Nel corso dei sette giorni di tregua entrati in vigore al tramonto del 12 settembre, le forze governative e ribelli si sono scambiate molteplici accuse di violazioni.
A questo punto, Stati Uniti e Russia tenteranno nuovamente di scendere a patti a margine degli incontri previsti a New York in occasione dell’annuale Assemblea generale dell’Onu.
La consegna di aiuti umanitari alle aree sotto assedio era un punto chiave dell’accordo russo-americano ma da subito è parso evidente che fosse problematico.
Alcuni aiuti sono stati consegnati, ma molti convogli sono rimasti bloccati per giorni e non hanno raggiunto le aree designate, a causa dei combattimenti, delle precarie condizioni di sicurezza e di ritardi amministrativi nella consegna dei permessi da parte di Damasco.
Tuttavia, la tregua che aveva largamente tenuto ha subito il colpo più duro quando la coalizione guidata dagli Stati Uniti contro l’Isis ha colpito per errore le truppe siriane nei pressi dell’aeroporto di Deir ez-Zor.
Secondo Damasco l’incursione americana ha ucciso 60 soldati e il presidente Bashar al-Assad ha usato parole dure.
Secondo Assad l’attacco è stato intenzionale e rappresenta la prova della collaborazione tra l’Isis e gli Stati Uniti contro l’esercito siriano.

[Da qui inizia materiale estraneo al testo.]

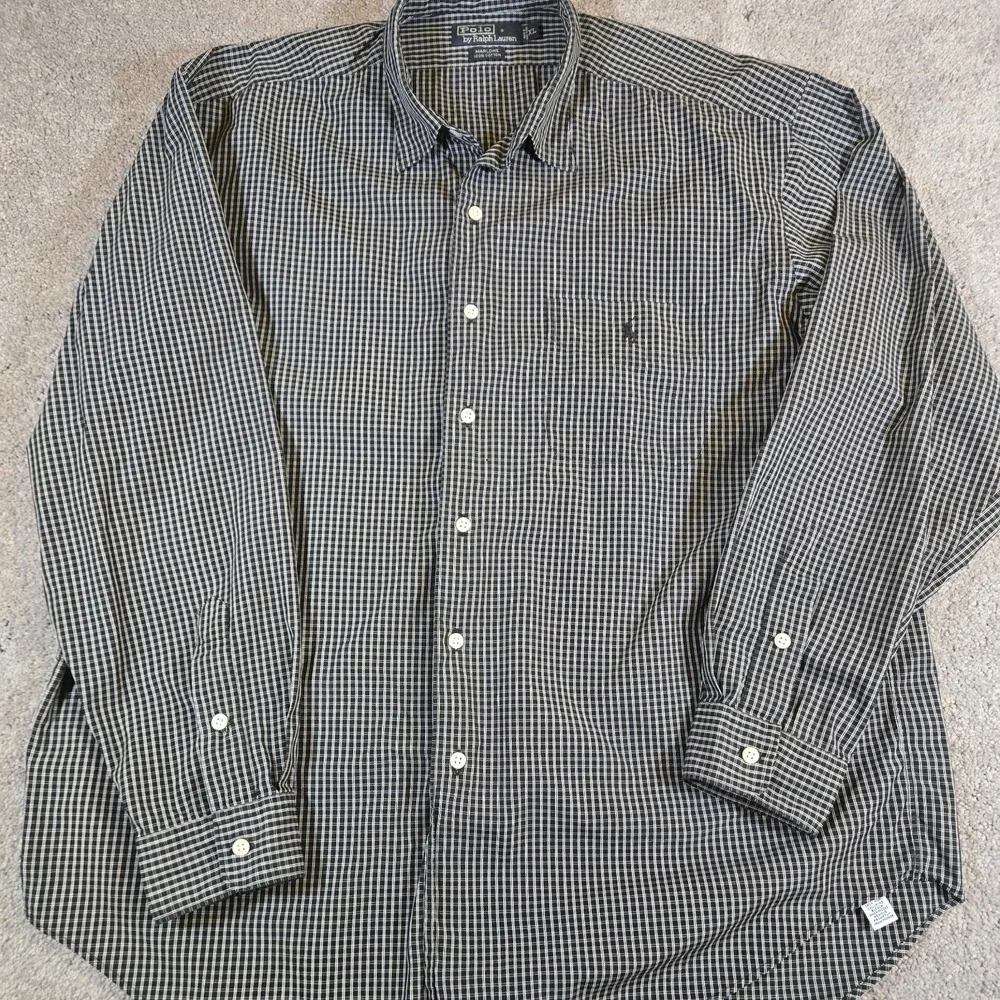 Polo Ralph Lauren Marlowe Long Sleeve Button‎ Down 100% Cotton Pony Logo Size XL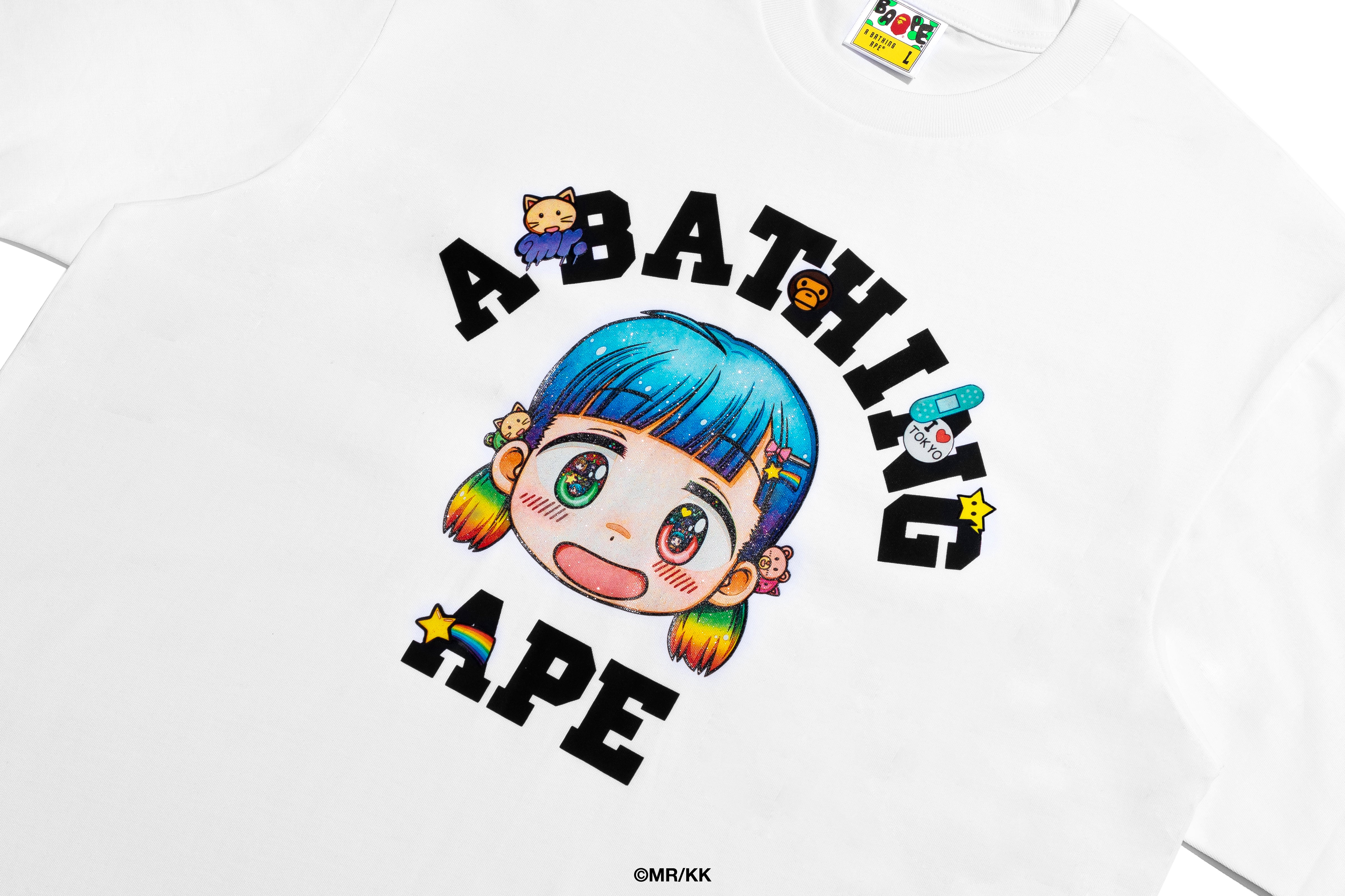 トップス BAPE X MR. COLLEGE RELAXED FIT TEE XL BAPE X MR. COLLEGE RELAXED FIT TEE – eu.bape.com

Dopo la dichiarazione da parte delle forze di Damasco che la tregua era finita e la ripresa delle ostilità, il segretario di Stato americano John Kerry ha invitato Mosca a fare pressioni sugli alleati del regime siriano affinché interrompessero i bombardamenti, affermando che siccome l’accordo è stato stretto tra Washington e Mosca, Damasco non è nella posizione di dichiararne il fallimento.
L’accordo prevedeva infatti sette giorni di cessazione delle ostilità per provare la buona fede di entrambe le parti e preparare il terreno a una collaborazione tra Stati Uniti e Russia contro i gruppi terroristi.
Allo stato attuale, appare molto difficile che l’accordo possa avere un seguito.